Paulson got whacked for his cluelessness; Geithner isn’t any better. The shiny veneer has dropped from the much-ballyhooed Obama pick, and what we see isn’t pretty. They let him slide on his tax dodge, and expect big things. In a way they got it; the ambiguity of Geithner’s plan means Congress will have a bigger hand (and far from an invisible one) in its execution and implementation.

“If it is left to Congress to shape a plan to solve the financial industry’s ills, the likelihood of a good outcome is small indeed,” writes Financial Times‘s John Gapper in his characteristically understated prose.

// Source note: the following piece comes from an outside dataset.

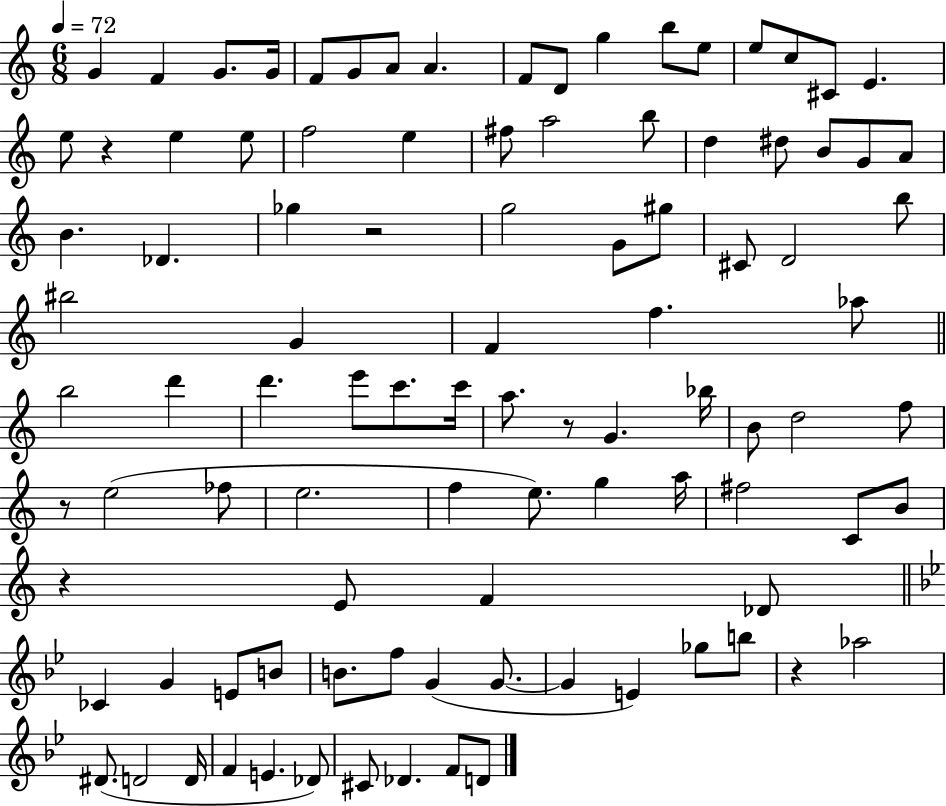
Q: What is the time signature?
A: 6/8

A few weeks back, Washington Post columnist Charles Krauthammer caused a ruckus by noting that vindication of the Bush Administration is already in the works, and coming from the most unlikely of places — the Obama White House. Despite the promise of change, key members of the previous administration’s domestic and foreign policy teams have been retained. If we were supposedly so lost, why are we charting much the same course? Geithner was a key player in the policy decisions that led to where we now find ourselves. Despite last week’s assurances to Congress that he would have handled TARP differently, TARP II (it is what it is, despite a new marketing attempt) doesn’t look a whole lot different. Call it Paulson’s revenge.

One line buried deep in a Wall Street Journal editorial perfectly illustrates the government’s fumbling and folly in this whole mess. Referring to the Madoff scandal, the paper reminded readers that “private market participants [Harry Markopolos] spotted the fraud, while SEC lawyers couldn’t seem to grasp it.”

For all the private sector ills, government is no better. We can, and desperately need, to do better.